• [Data to process]
****************

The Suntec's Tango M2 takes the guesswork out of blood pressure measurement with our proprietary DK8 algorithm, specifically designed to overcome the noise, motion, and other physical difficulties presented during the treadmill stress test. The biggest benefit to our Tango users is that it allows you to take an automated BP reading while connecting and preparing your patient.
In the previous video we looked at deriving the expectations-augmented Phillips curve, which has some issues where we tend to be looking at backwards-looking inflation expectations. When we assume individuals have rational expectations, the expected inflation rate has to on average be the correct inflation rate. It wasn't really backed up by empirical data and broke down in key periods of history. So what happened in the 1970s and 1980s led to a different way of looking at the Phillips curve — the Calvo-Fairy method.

****************

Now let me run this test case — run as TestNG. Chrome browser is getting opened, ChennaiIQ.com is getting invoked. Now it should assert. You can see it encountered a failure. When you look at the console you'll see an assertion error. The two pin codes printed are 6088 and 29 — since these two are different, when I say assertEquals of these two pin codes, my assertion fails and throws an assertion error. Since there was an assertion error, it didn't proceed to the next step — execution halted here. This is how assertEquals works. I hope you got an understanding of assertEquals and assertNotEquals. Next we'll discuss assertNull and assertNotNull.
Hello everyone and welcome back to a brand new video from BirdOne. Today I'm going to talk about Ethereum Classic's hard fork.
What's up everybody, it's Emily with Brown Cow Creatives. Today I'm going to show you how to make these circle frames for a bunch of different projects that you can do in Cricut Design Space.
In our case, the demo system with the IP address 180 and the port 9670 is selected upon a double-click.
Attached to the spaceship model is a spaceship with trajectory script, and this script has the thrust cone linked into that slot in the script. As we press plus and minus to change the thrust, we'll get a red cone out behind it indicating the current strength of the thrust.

****************

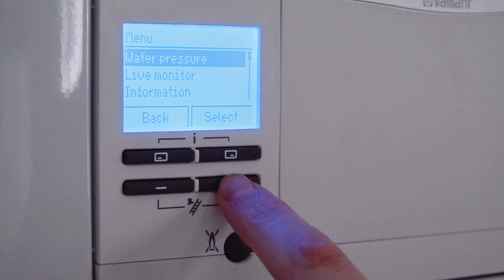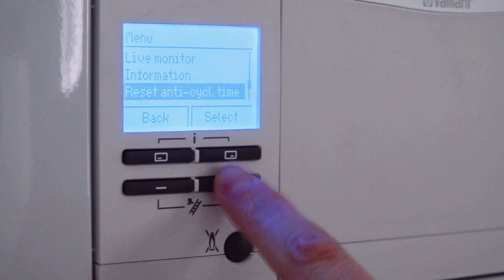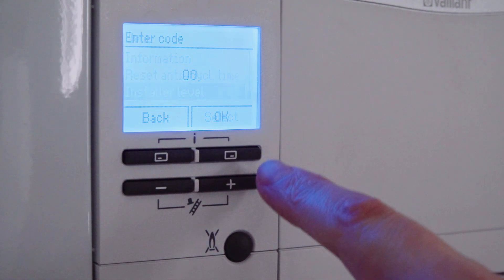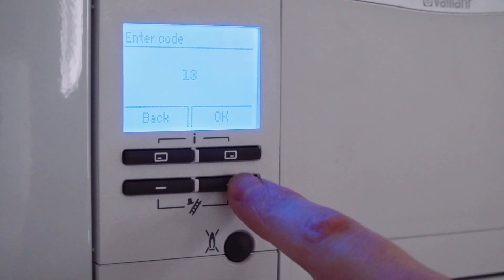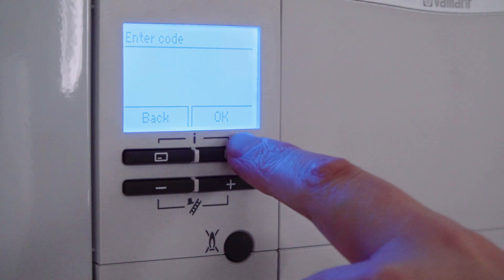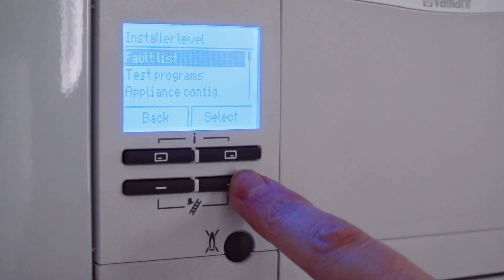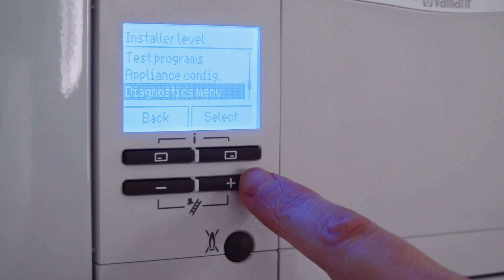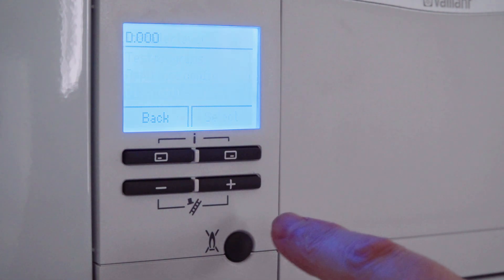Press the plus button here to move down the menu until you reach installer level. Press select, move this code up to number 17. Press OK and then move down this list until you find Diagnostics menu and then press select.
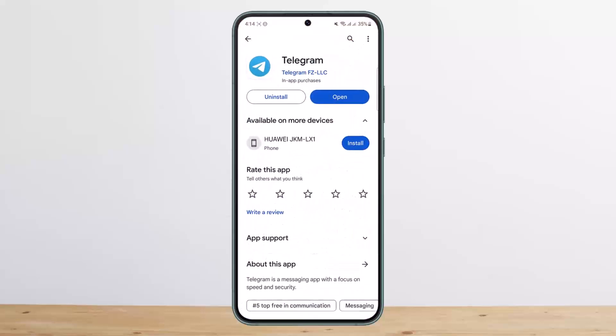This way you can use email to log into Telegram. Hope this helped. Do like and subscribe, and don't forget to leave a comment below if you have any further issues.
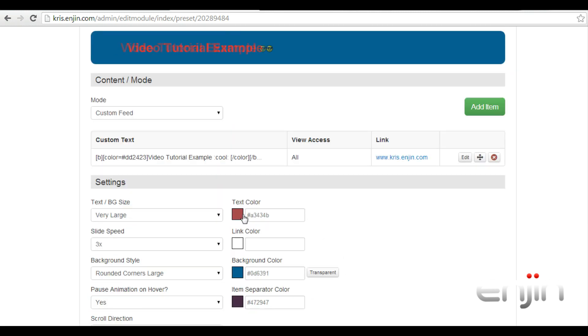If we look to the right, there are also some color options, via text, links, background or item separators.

****************

• [Your task] Only the lines of the listing above from the one with "Press the plus" through the one with "If we look to" should be output, exactly, with both ends kept and pictures left out.

• [Response to this exercise]
Press the plus button here to move down the menu until you reach installer level. Press select, move this code up to number 17. Press OK and then move down this list until you find Diagnostics menu and then press select.
This way you can use email to log into Telegram. Hope this helped. Do like and subscribe, and don't forget to leave a comment below if you have any further issues.
If we look to the right, there are also some color options, via text, links, background or item separators.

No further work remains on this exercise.